In addition, some systems were responding well enough, but had very high context switch rates. The lowest rate I saw was about 500,000 context switches a second, but the highest I saw was over 2.8 million switches a second!
Almost all of the poorly-performing systems were virtual servers, and the performing-okay-but-high-context-switch-rate systems were all physical servers. I hypothesized that the problem was the same one, but the physicals had more CPU power available to them -- most of our VMs don't have more than 2-3 vCPUs, whereas the physicals have upwards of 16 in some cases, if you count hyperthreads.

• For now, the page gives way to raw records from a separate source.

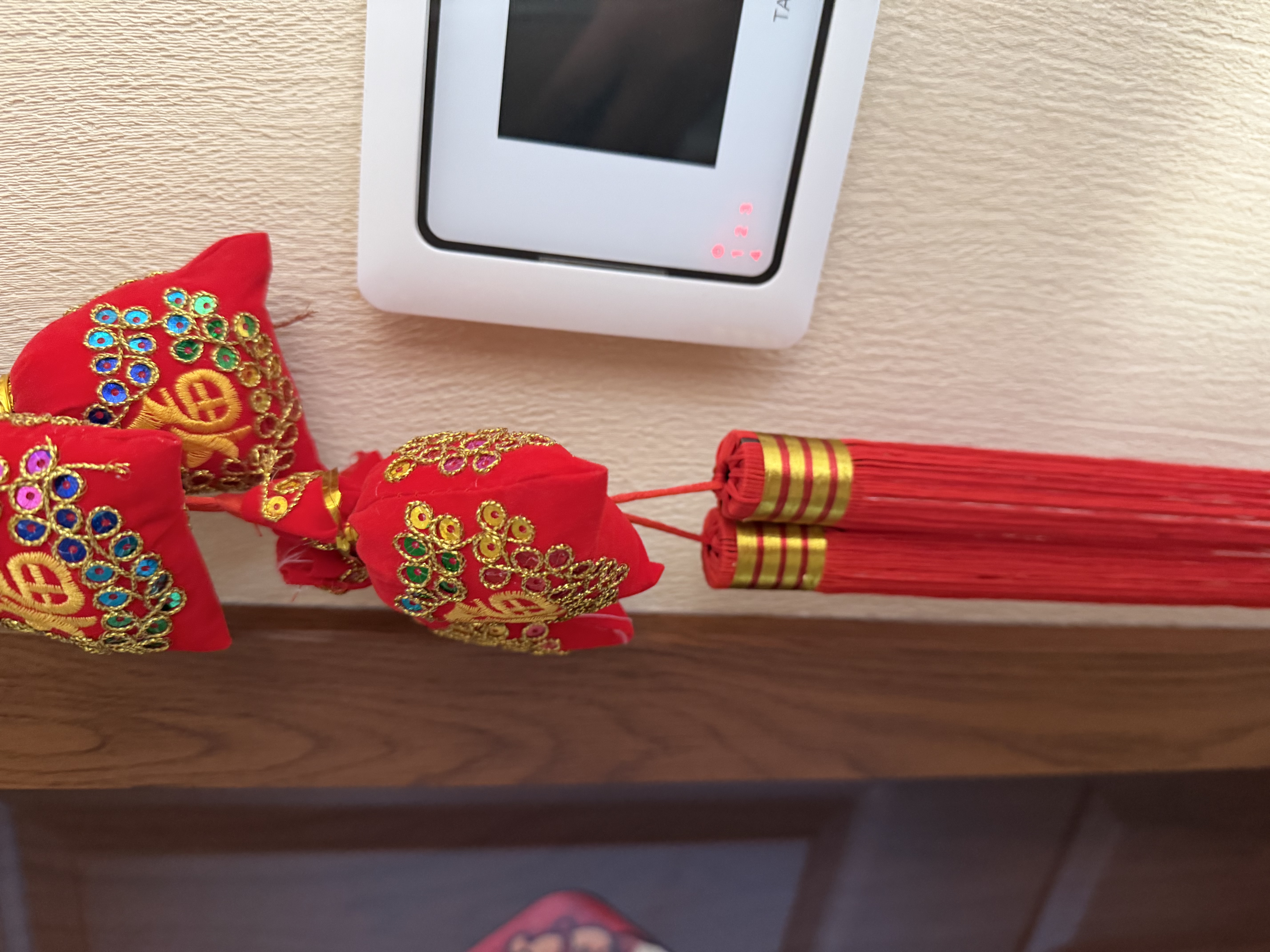 中缘结喜庆串刺绣福袋挂饰中国结特色家居工艺品喜庆乔迁用 刺绣福袋16头（一串） 实拍图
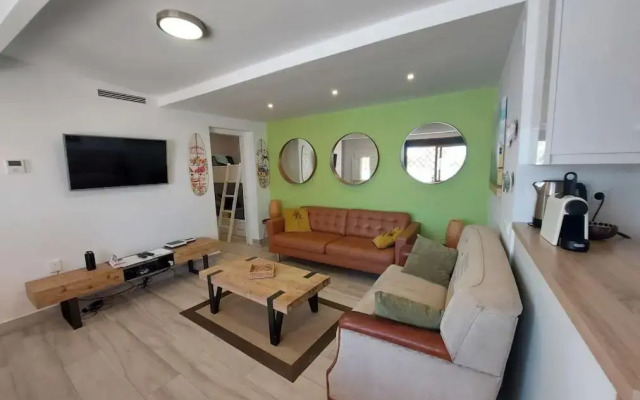Sun-Ray Apartment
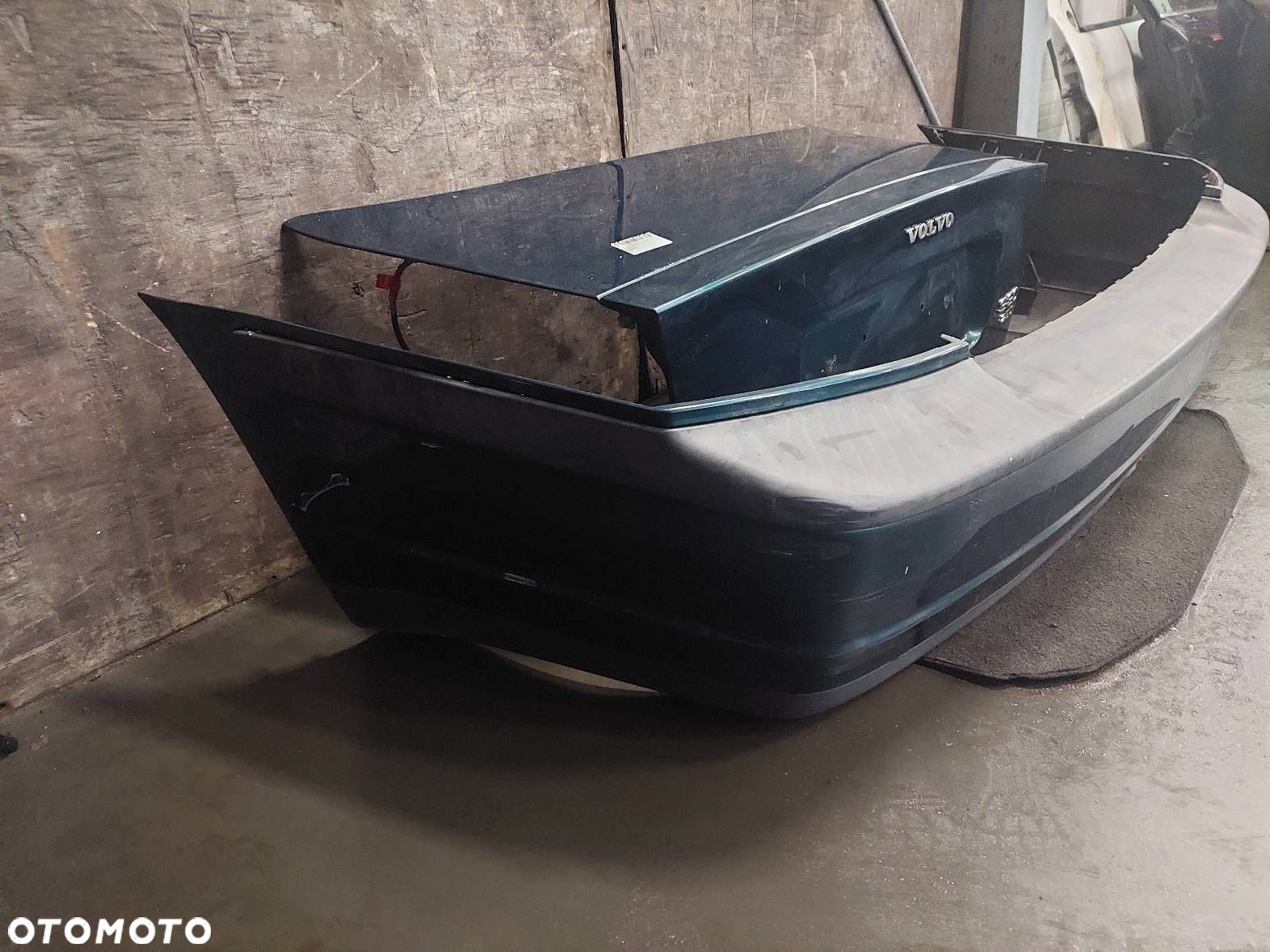 LAMPA LEWY TYŁ + PRAWY TYŁ VOLVO S80 I - 24
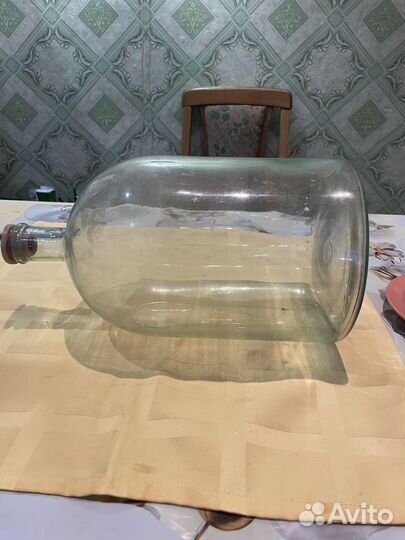 Бутылка с бугельной пробкой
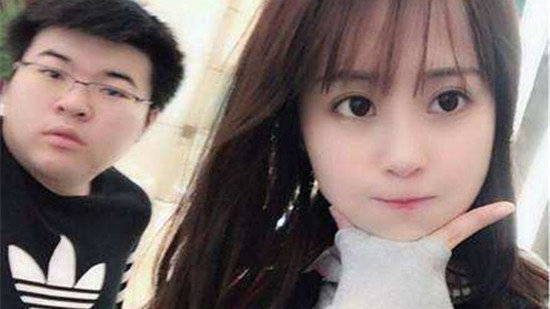 韦神结婚登上热搜第一,证件照男帅女靓绝配!网友:真人生赢家|虎牙|战队_新浪新闻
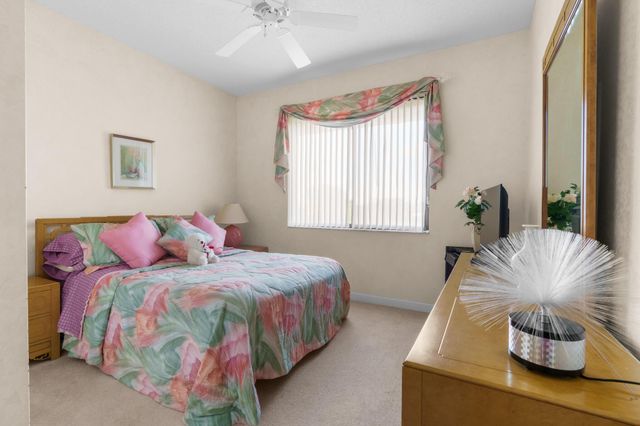 7546 La Paz Blvd 405, Boca Raton, FL 33433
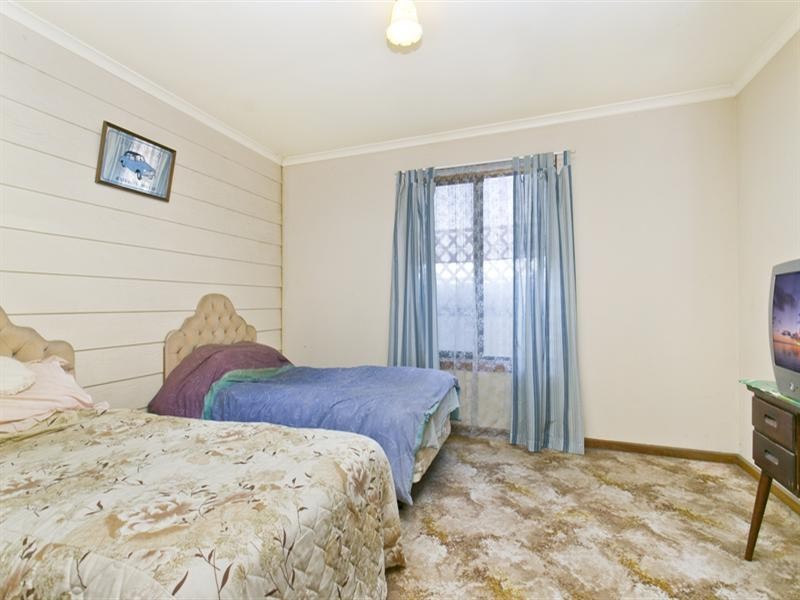 8 Shell Street, St Kilda SA 5110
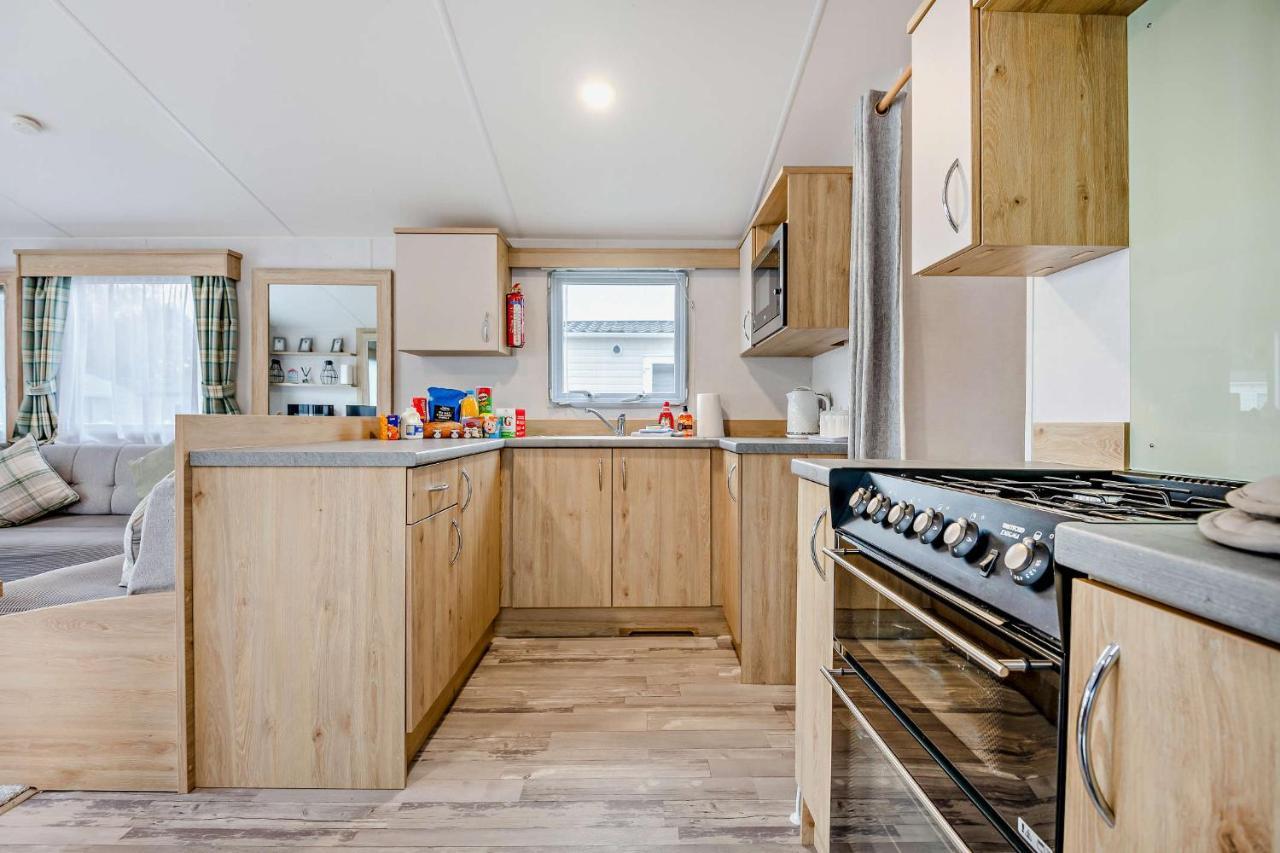 Sea La Vie Lodge, Rockley Park Holiday Park, Poole, Dorset Esterno foto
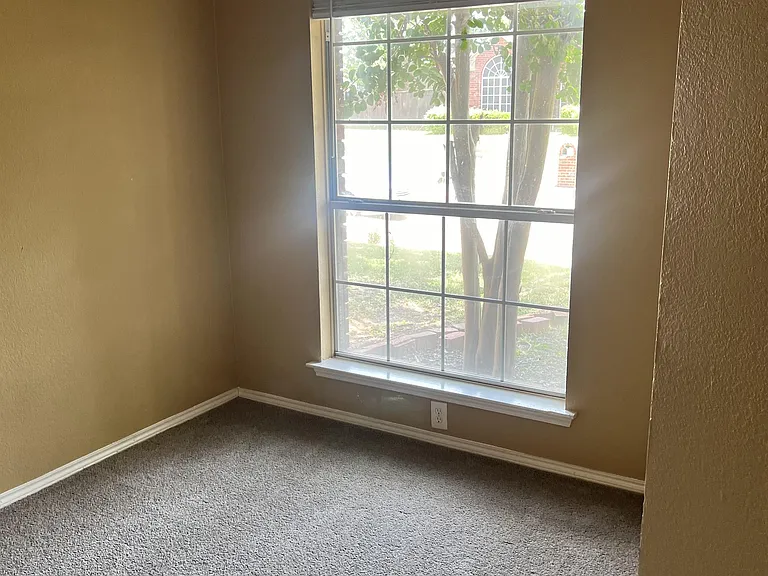 2345 Browning Dr — Photo 10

As it turns out, it was being caused by some weird (sorry, I'll try to keep from adding any more of this technical jargon...) kernel interaction when it processed the leap second that occurred today. For more details, I turn you now to the blog entry that helped me narrow the problem down and provided me with a simple fix:
For the record, should this link ever stop working, he said:
The fix is quite simple – simply set the date. Alternatively, you can restart the machine, which also works. Restarting MySQL (or Java, or whatever) does NOT fix the problem. We put the following into puppet to run on all our machines:
$ cat files/bin/leap-second.sh
# this is a quick-fix to the 6/30/12 leap second bug
if [ ! -f /tmp/leapsecond_2012_06_30 ]
/etc/init.d/ntpd stop; date -s "`date`" && /bin/touch /tmp/leapsecond_2012_06_30
His solution was a lot more elegant than mine, which was to simply reboot the system. :) It was also a lot easier to apply prophylactically to our entire fleet.